86. L'erroneo riferimento all'art. 93 CE come secondo fondamento normativo delle decisioni impugnate non determina di per sé l'invalidità di queste ultime. Un errore nel preambolo di un atto comunitario costituisce in linea di principio un vizio puramente formale, salvo che ne risulti un'irregolarità nella procedura di adozione dell'atto impugnato .
87. Tuttavia, alla luce delle considerazioni che precedono, l'erroneo rinvio all'art. 93 CE può aver inciso sulla determinazione del contenuto delle decisioni impugnate a motivo dell'unanimità divenuta necessaria in seno al Consiglio. Pertanto la procedura va considerata illegittima.

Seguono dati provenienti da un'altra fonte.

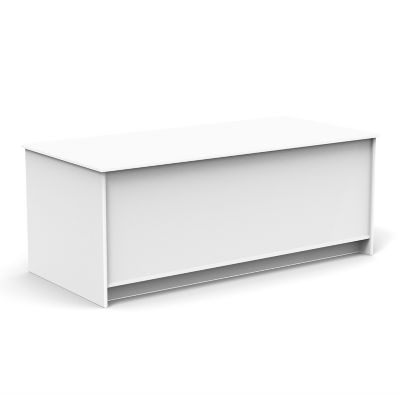 Loll Designs Slider Outdoor Storage Chest - Color: White - SDR-SCT462518-CW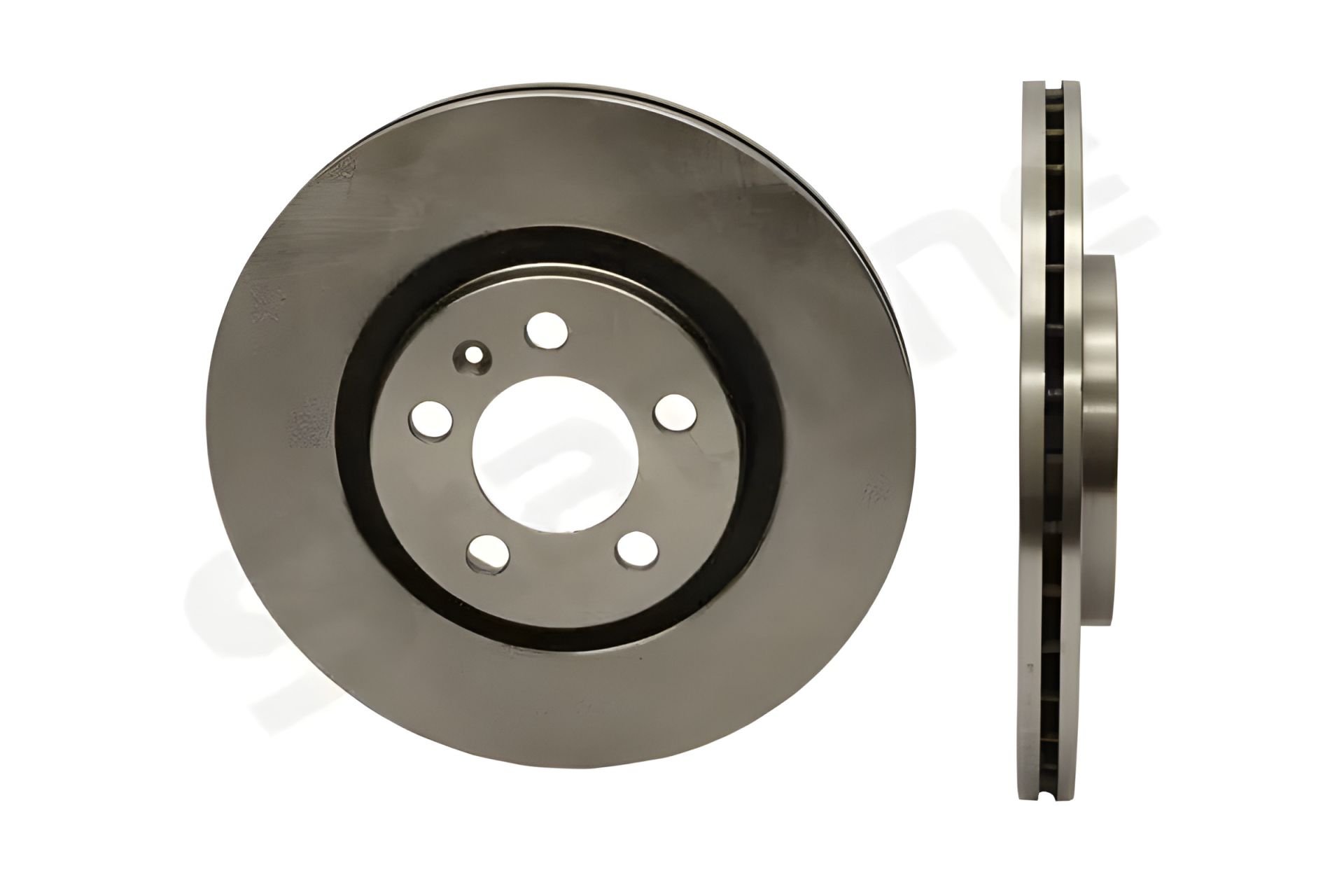 Передній диск гальмівний для SEAT LEON, VW GOLF, STARLINE (PB2544) Передній диск гальмівний для SEAT LEON, VW GOLF, STARLINE (PB2544)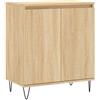 vidaXL Credenza Rovere Sonoma 60x35x70 cm in Legno Multistrato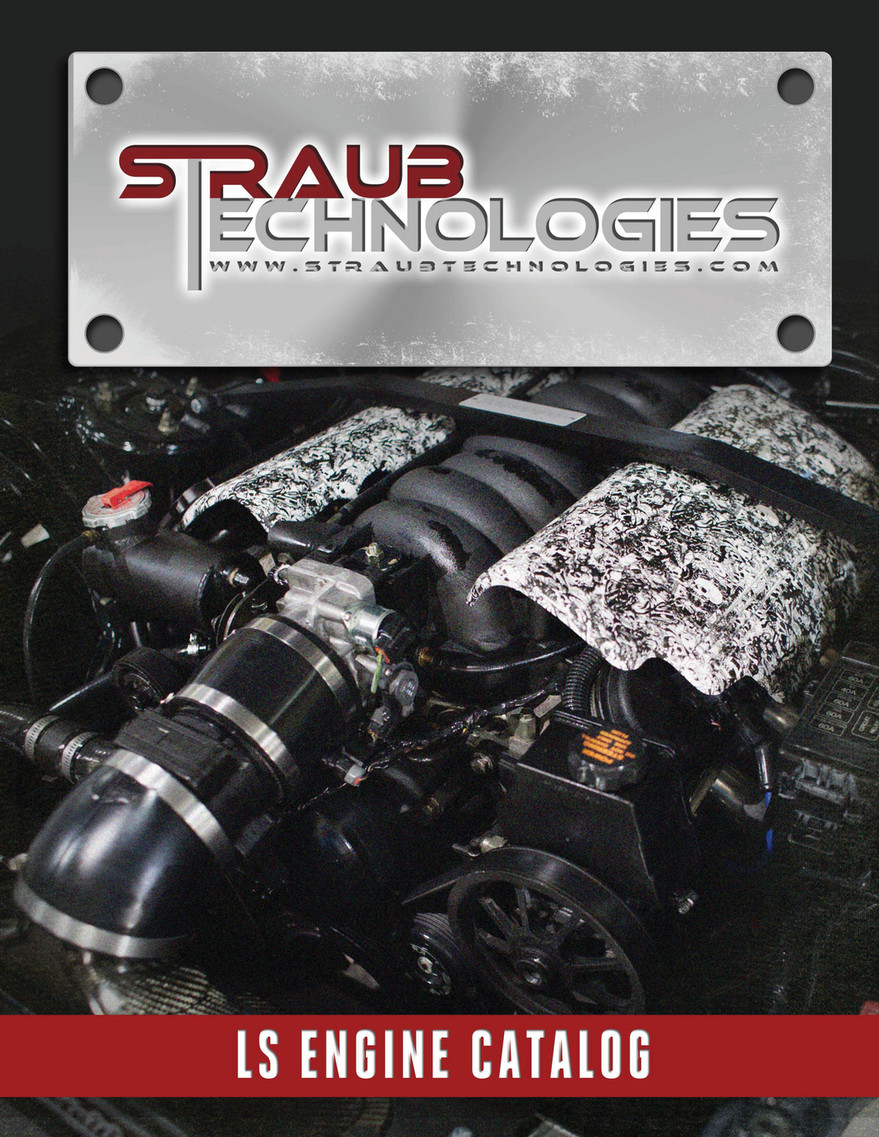Straub Technologies Harmonic Balancer Bolt LS Engines Straub Technologies Harmonic Balancer Bolt LS Engines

88. Le parti sono peraltro concordi nel ritenere che il contenuto sostanziale delle decisioni impugnate non dovrebbe essere messo in questione dal presente procedimento. Inoltre, nell'interesse della tutela dell'affidamento degli operatori economici nel mantenimento della normativa e per ragioni inerenti alla certezza del diritto nell'ambito delle relazioni tra la Comunità, da un lato, e la Bulgaria e l'Ungheria, dall'altro, appare appropriato dichiarare, in analogia all'art. 231, secondo comma, CE , che il contenuto delle decisioni impugnate rimane in vigore fino all'adozione, da parte delle istituzioni competenti, dei provvedimenti che risultano dalla sentenza emanata nella presente causa.
VII - Spese
89. Ai sensi dell'art. 69, n. 2, del regolamento di procedura, la parte soccombente è condannata alle spese se ne è stata fatta domanda. Poiché la Commissione ha chiesto la condanna alle spese del Consiglio che è rimasto soccombente, le spese vanno poste a carico di quest'ultimo.
90. Gli intervenienti sono Stati membri che sopportano le proprie spese ai sensi dell'art. 69, n. 4, primo comma, del regolamento di procedura.
VIII - Conclusione
91. Alla luce delle considerazioni che precedono, propongo alla Corte di risolvere la controversia come segue:
1) Le decisioni del Consiglio 19 marzo 2001, 2001/265/CE e 2001/266/CE, relative alla conclusione di accordi di transito tra la Comunità e la Bulgaria e, rispettivamente, l'Ungheria, sono annullate in quanto adottate sul fondamento dell'art. 93 CE.
2) Gli effetti delle decisioni impugnate sono mantenuti in essere fino all'adozione da parte delle istituzioni dei provvedimenti necessari sulla base di questa sentenza.
3) Il Consiglio sopporta le spese del procedimento. La Repubblica federale di Germania e il Granducato di Lussemburgo sopportano le proprie spese.